How cabinet rentals could save the flagging arcade game market - ulysses
http://arstechnica.com/gaming/2013/07/how-cabinet-rentals-could-save-the-flagging-arcade-game-market/

======
anigbrowl
The market is flagging because cabinet manufacturers don't innovate. For the
last decade (or more) I've kept wandering into arcades and being perplexed
about why they offer _less_ than what I can enjoy at home with an average-
power computer, an ordinary game console, and a moderate-size TV. The only
thing differen tin arcade is a heavy-duty controller, the games themselves are
tame in the extreme.

I know it costs a fortune to develop a game. But why not install super-juiced
PCs and ultra-high-res monitors or ultra-large screens, of the sort that I
couldn't afford or fit at home? I remember playing a Sega R-360 which came out
in _1990_ :
[https://www.youtube.com/watch?v=FVbmoF9Ehuk](https://www.youtube.com/watch?v=FVbmoF9Ehuk)

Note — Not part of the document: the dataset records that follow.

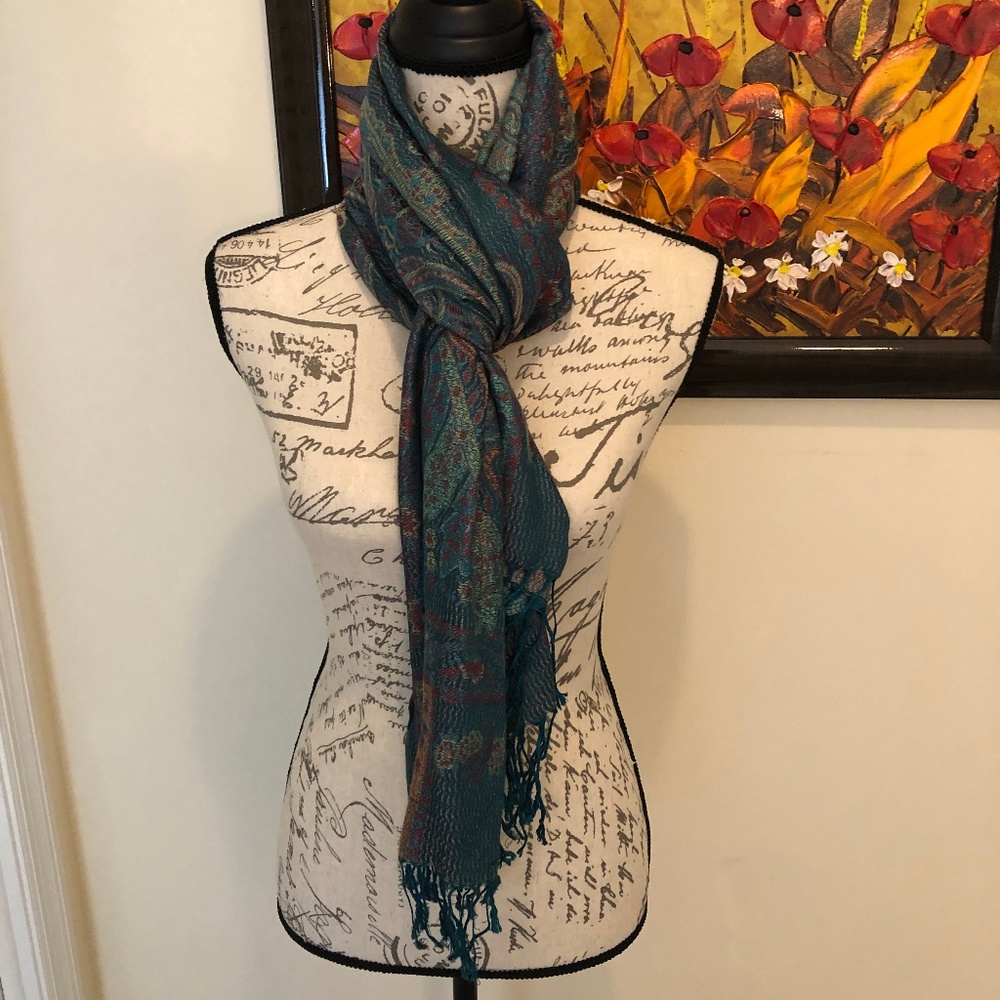 100% Pashimia Scarf NWT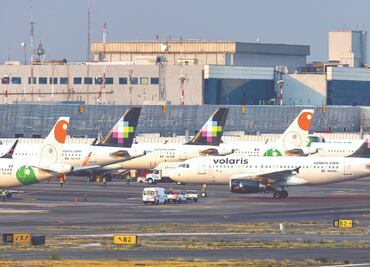 Volar será más caro; aeropuertos elevan TUA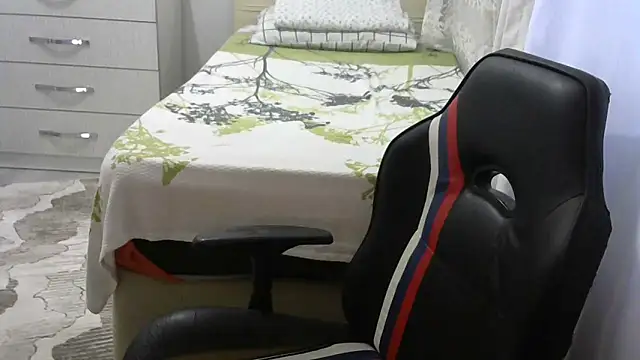 Snapshot of crazybaby5461 chatting on 10/06/25, 03:31 crazybaby5461 online show from 10/06/25, 03:31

Good luck finding anything this cool in a US arcade nowadays. I would
cheerfully pay $5 for a few minutes in one of these with an up-to-date
space/flight game. I don't want a nostalgia trip playing some 30 year old
console (well, OK, _sometimes_ ), what I want is a new experience that I can't
have at home, but manufacturers don't seem interested in offering that.